Mcl-1 is considered as a promising therapeutic target because of its short half-life and multiple mechanisms regulating its expression. So far, some therapeutic approaches have been reported to abrogate the anti-apoptotic function of Mcl-1. It is reported that some BH3 mimetic, such as obatoclax, can bind to and disable Bcl-2 family proteins, including Mcl-1 [33
]. Recently, the multi-kinase inhibitor sorafenib has been reported to down-regulate Mcl-1 protein expression through a translational mechanism [34
]. Furthermore, certain natural products, such as piceatannol, have been shown to reduce Mcl-1 protein expression [35
]. Based on our data, we propose that baicalein may be a therapeutic tool targeting Mcl-1. Importantly, SB and SB-derived polyphenols are known to have almost no or very minimal toxicity in vitro and in vivo [11
], rendering them intriguing drug candidates.

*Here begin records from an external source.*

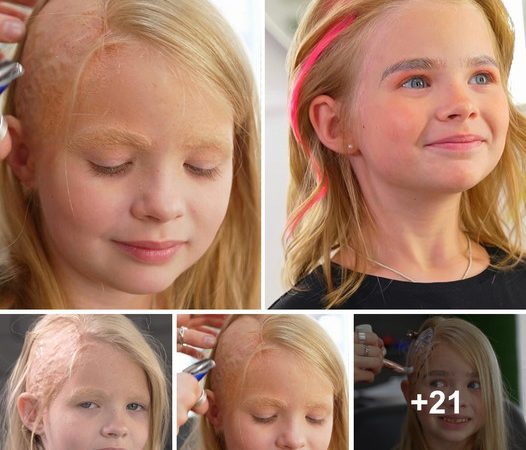 A Touching Transformation: Stylist Empowers Girl with Burn Scars, Bringing Heartwarming Smiles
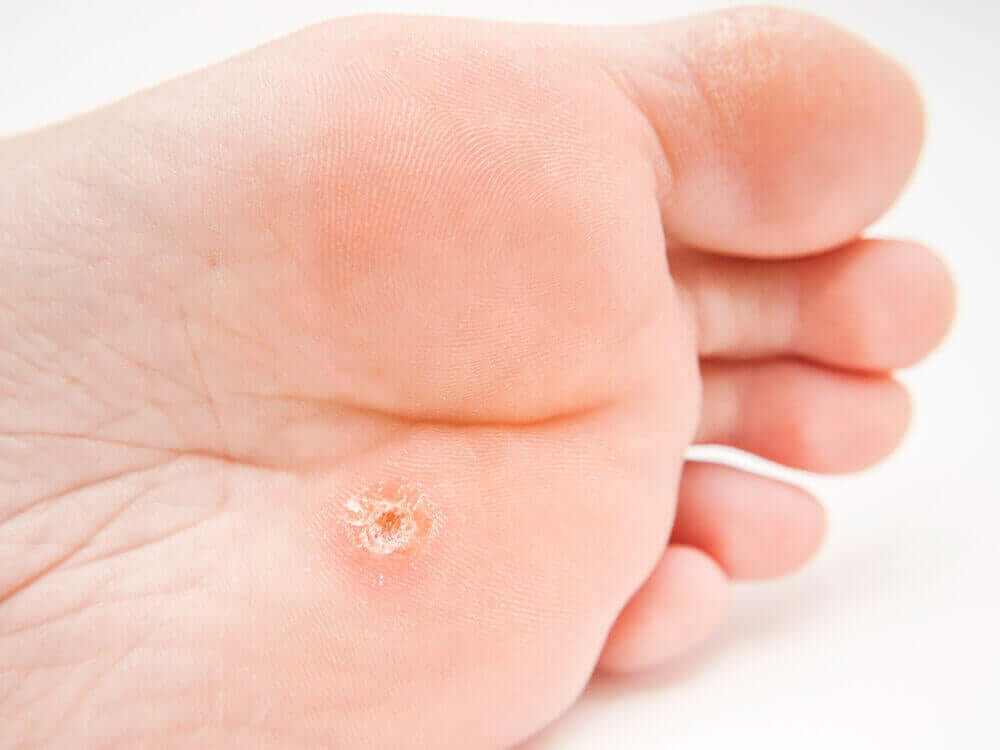 A foot wart on a foot.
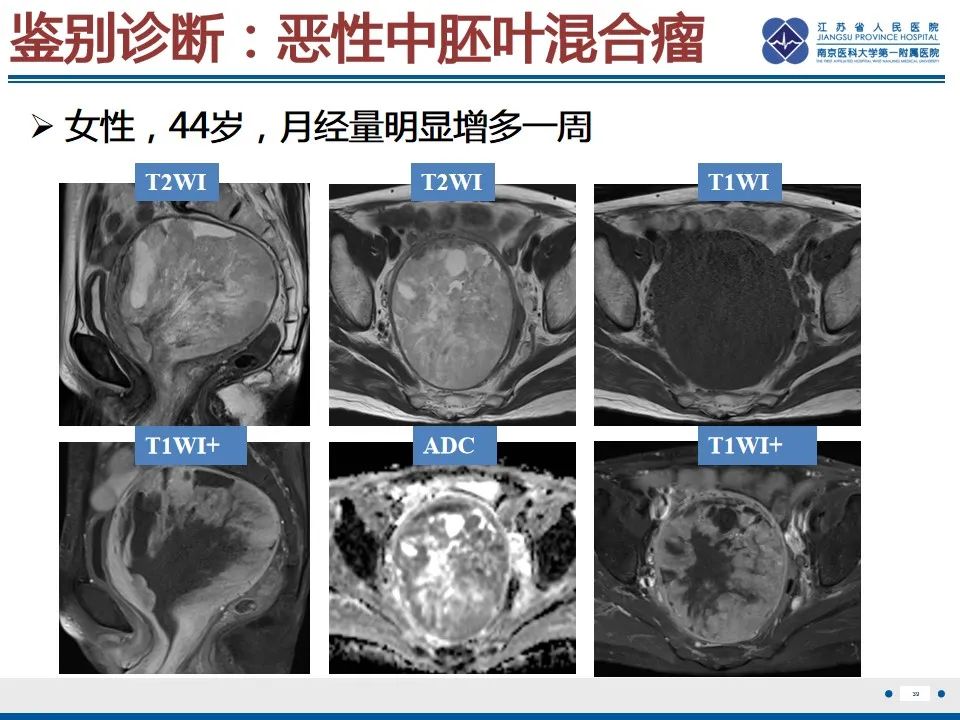 影像PPT - 【PPT】高级别子宫内膜间质肉瘤-40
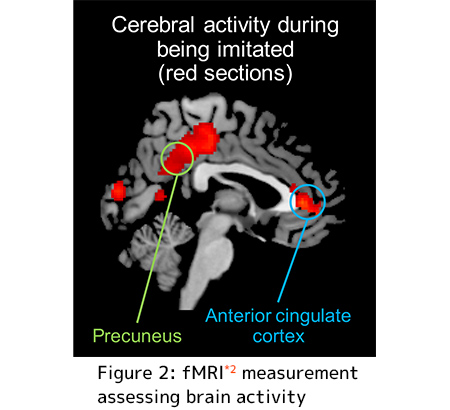 Figure 2: fMRI measurement assessing brain activity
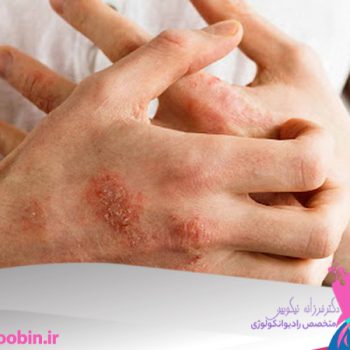 دکتر فرزانه نیکوبین | متخصص رادیوانکولوژی اصفهان | پرتو درمانی اصفهان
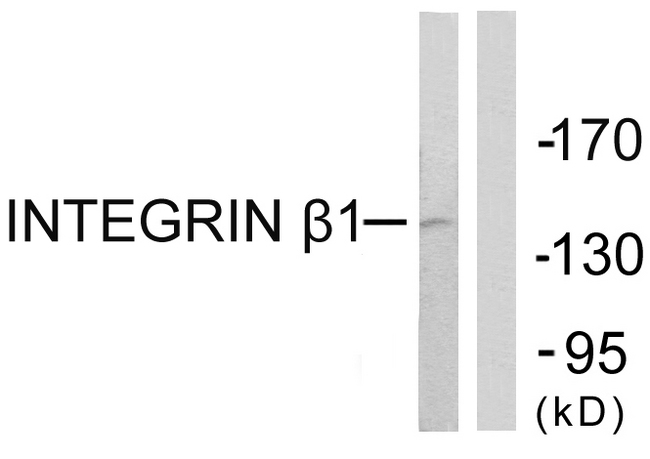 ITGB1 / Integrin Beta 1 / CD29 Antibody - Western blot analysis of lysates from Jurkat cells, using Integrin beta1 Antibody. The lane on the right is blocked with the synthesized peptide.
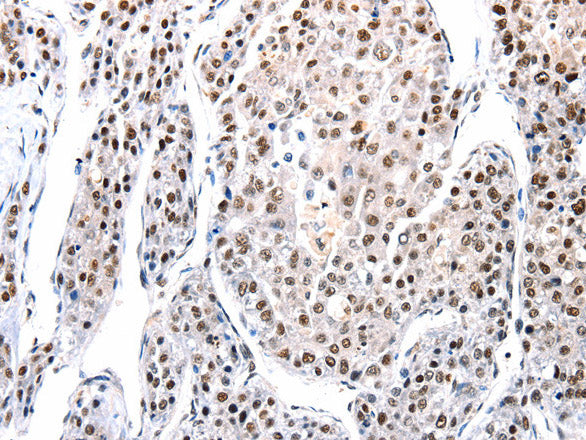 Anti-Human/Mouse/Rat AQP2 Antibody - ABMIUM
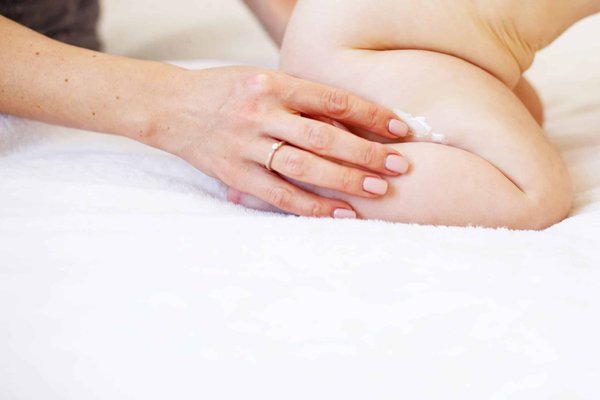 Quels sont les signes de peau sensible chez un bébé ?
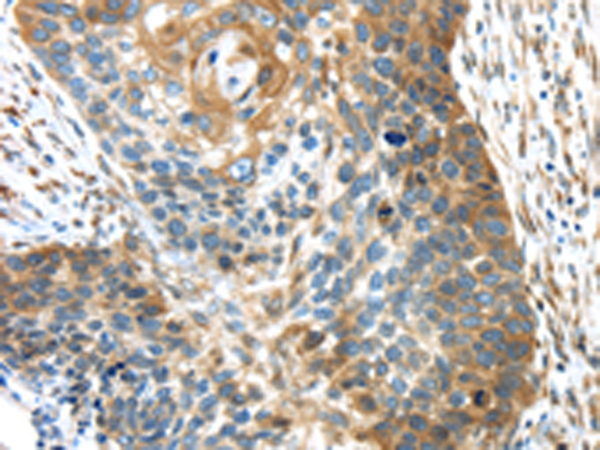Anti-TMED4 Rabbit Polyclonal Antibody
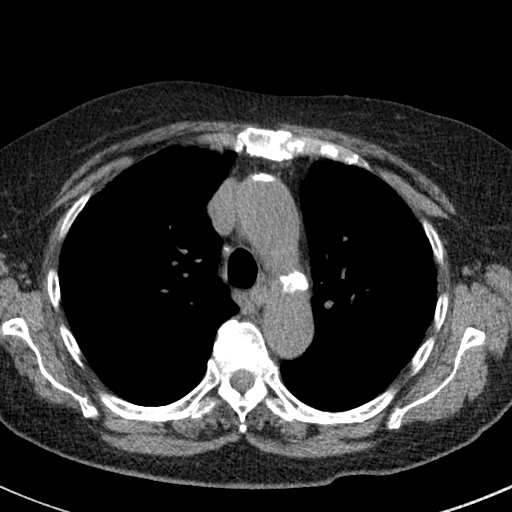 File:Amiodarone-induced pulmonary fibrosis (Radiopaedia 82355-96460 Axial non-contrast 23).jpg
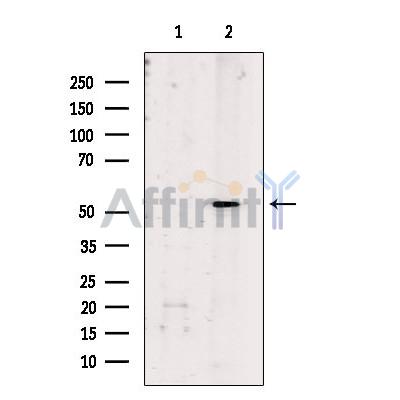 Валидация Affinity DF9468 - 22056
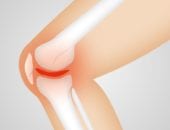 How to keep exercising even if you have bad, painful knees...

In summary, we demonstrated that the pro-apoptotic effect of baicalein in PaCa cells is mediated through reducing the expression of the pro-survival protein Mcl-1, at least partially via a transcriptional mechanism. Mcl-1 is highly expressed in PaCa cell lines and down-regulation of Mcl-1 by siRNA showed a strong pro-apoptotic effect. These data suggest that baicalein may represent a promising therapeutic agent in PaCa and may have a beneficial value as a sensitizing agent for standard chemotherapeutic drugs by targeting a major survival molecule.